Şapka Terörü ve İskilipli Atıf Hoca'nın İdam Edilmesi
"Şapka Devrimi"ne de değinen Kaçar, döviz sıkıntısının olduğu bir dönemde büyük miktarda paraların harcanarak şapka ithal edildiğini, bu şapkaların halka zorla giydirilmeye çalışıldığını, buna karşı direnişlerin baş gösterdiğini, bu direnişlerin çok acımasız bir şekilde kanla bastırıldığını, çok sayıda insanın idam edildiğini bunlardan birinin de aynı zamanda âlim olan İskilipli Atıf Hoca olduğunu kaydetti.

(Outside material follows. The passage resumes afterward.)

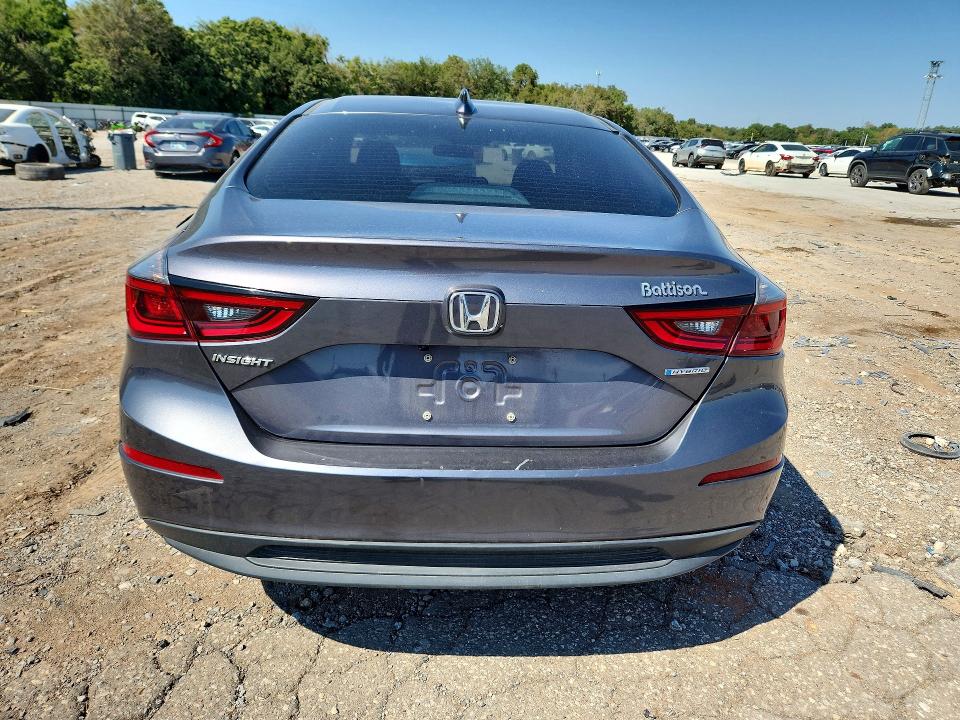 Aukcja sprzedaży 2022 Honda Insight, vin: 19XZE4F55NE014008, numer aukcji: 66401046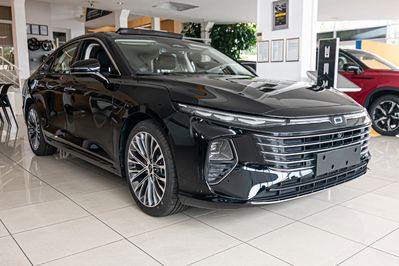 Bestune B70 2.0T Elegance aut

Dönemin İslamcıları Nerde Hata Yaptılar?
Dönemin "İslamcıları" olarak öne çıkan Elmalı Hamdi, Mehmet Akif Ersoy, Ahmet Hamdi Akseki ve Saidi Kürdi ile ilgili olarak da değerlendirmelerde bulunan Kaçar, "Elmalı Hamdi, Mehmet Akif Ersoy, Ahmet Hamdi Akseki ve Saidi Nursi kendi şartlarında önemli çalışmalara imza attılar. Ancak, genel anlamda bazen inzivaya çekilmek bazen de idarecilerle ilişkiler noktasında hatalar yaptılar. Bizler de 28 Şubat sürecinde benzer şeyler yaşamadık mı? Elmalı Hamdi ve Saidi Nursi'nin en azından bir Şeyh Said gibi halkı örgütlendirme anlamında bir gayretin içerisinde olmaları gerekirken bunu yapmadıkları görülüyor. Bunun nedeni, kargaşa çıkmaması hassasiyetlerinden kaynaklanıyor. Bütün bunlara rağmen Elmalı önemli bir tefsire imza atıyor. Mehmet Akif Ersoy'u da bu şekilde değerlendirmek mümkündür. O da Şeyh Said gibi mücadele etmesi gerekirken bazı hususlarda yöneticilerle birlikte hareket ederek harcandı… Saidi Nursi de çok cesur bir insandı... "İttihakı Terakki'ye üye oldu. Lehlerine konuşmalar yaptı... Yeni Said dönemi başlıyor. Mustafa Kemal'in dünyevi vaatlerini ret ediyor… Şeyh Said'e yazdığı iddia edilen mektuba rağmen tutuklanıyor... Rejimi ret etme yerine, muhalefet etme anlayışını benimsiyor… "dedi.